Noting the problem of “underreporting,” the forum educated participants about OSCE/ODIHR efforts to collect hate crimes statistics, and highlighted methods by which civil society could work with local law enforcement and the OSCE/ODIHR to report hate crimes.
At the forum, OSCE/ODIHR shared recent findings that indicate that while Jewish men are more likely to be victims of anti-Semitic speech or physical violence, Jewish women fear anti-Semitic attacks more. This suggests gender may play an important role in addressing anti-Semitism, prompting the need for more gender-rich and intersectional prevention efforts.
For instance, Misko Stanisic of Terraforming, an organization focused on Holocaust and human rights education, noted that thousands of women participated in crimes of the Holocaust, but that gender stereotypes resulted in women often not being viewed as perpetrators, resulting in “female perpetrators [being] seldom investigated for their crimes and rarely prosecuted during the post-war trials.”
He also described how socially constructed perceptions of gender, race, and other identities not only impacted who is – and who is not – included in text books and other educational tools on the Holocaust, but also how this has impacted efforts to address anti-Semitism. “[There were so many victims of the Holocaust] but we engage in competitive victimhood, where we take the oppressor’s view of a victim’s worth,” he said.

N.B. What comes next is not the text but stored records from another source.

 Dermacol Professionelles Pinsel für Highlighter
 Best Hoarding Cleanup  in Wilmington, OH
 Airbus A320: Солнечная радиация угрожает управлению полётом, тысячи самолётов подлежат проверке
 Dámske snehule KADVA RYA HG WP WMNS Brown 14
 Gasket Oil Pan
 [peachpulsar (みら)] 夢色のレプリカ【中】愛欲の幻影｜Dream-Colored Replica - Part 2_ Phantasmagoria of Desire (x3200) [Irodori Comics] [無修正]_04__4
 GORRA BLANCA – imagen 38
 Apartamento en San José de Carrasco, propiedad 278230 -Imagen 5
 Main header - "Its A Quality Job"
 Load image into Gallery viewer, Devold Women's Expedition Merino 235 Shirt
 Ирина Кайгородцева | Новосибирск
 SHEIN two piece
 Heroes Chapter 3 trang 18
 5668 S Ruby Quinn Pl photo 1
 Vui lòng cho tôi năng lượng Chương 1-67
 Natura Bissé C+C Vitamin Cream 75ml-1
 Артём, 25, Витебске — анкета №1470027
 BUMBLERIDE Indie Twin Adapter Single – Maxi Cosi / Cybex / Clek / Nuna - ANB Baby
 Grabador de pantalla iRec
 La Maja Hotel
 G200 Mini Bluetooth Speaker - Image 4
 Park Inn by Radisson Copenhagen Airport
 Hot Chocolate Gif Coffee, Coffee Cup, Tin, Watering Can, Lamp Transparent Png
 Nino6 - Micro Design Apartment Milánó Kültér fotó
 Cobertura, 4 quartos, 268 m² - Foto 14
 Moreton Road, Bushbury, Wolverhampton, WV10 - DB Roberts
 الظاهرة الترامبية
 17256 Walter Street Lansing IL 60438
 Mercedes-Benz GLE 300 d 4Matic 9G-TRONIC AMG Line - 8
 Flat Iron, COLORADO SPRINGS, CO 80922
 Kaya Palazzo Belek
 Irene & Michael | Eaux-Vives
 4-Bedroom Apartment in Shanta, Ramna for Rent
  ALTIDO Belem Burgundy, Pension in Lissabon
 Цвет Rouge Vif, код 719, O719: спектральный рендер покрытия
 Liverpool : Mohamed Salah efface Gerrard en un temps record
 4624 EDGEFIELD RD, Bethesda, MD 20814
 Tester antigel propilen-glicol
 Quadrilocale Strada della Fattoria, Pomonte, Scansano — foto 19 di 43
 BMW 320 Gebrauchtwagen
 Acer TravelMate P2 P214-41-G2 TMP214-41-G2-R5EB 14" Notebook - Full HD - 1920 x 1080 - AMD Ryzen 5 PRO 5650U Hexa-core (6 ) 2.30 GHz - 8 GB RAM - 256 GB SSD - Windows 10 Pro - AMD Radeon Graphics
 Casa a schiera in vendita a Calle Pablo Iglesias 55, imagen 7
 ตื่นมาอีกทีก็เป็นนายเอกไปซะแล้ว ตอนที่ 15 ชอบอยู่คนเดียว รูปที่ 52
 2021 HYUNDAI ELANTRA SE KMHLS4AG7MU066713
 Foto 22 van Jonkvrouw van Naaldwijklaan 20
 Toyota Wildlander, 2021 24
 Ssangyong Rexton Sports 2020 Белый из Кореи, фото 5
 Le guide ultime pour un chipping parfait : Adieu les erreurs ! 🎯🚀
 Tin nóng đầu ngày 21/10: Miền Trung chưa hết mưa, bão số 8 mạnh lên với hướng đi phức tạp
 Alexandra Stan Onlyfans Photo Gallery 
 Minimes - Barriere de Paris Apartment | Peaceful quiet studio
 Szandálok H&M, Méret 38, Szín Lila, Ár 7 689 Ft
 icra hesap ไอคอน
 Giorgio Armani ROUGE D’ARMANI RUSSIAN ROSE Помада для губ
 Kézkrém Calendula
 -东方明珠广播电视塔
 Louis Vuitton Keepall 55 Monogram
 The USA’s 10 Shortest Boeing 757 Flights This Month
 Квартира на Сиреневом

Other participants highlighted the forum’s relevance to American scholar Kimberle Crenshaw’s intersectionality theory, which details how hierarchal systems of gender and race resulted in African-American women often being excluded from the mainstream feminist movement in the United States. In particular, participants discussed how efforts to address anti-Semitism and other forms of prejudice and discrimination have been stymied by approaches that have reinforced gender and other hierarchical power structures preventing men and women within communities from effectively working together.
Invoking American luminary James Baldwin, Finnish journalist Maryan Abdulkarim stated, “No one is free until we are all free.” She stressed the need for more inclusive efforts that move away from a focus on differences that separate the “majority” and “minorities,” and to restore humanity by challenging harmful societal constructs and working across communities, including with the “majority” to address problems.
While the forum explored the importance of inclusive approaches to addressing anti-Semitism and other forms of intolerance, some participants warned that intersectionality could become an ineffective trend if care is not taken in its implementation. Specifically, the differences between academic discussions and practice were raised. In particular, participants cited the need for clear laws, processes, and procedures that protect all, as well as equal access to justice. For example, laws and policies should be understandable to police, judges, and ordinary citizens, and straightforward to implement. Researchers, funders, and advocates should be particularly mindful as to whether their efforts advance equality, or simply check a box.
The art and commentary of speaker Dan Perjovschi underscored and offered insight into the societal challenges forum participants faced in efforts to address anti-Semitism, gender and other inequities in countering prejudice and discrimination at large, and the need for their continued efforts.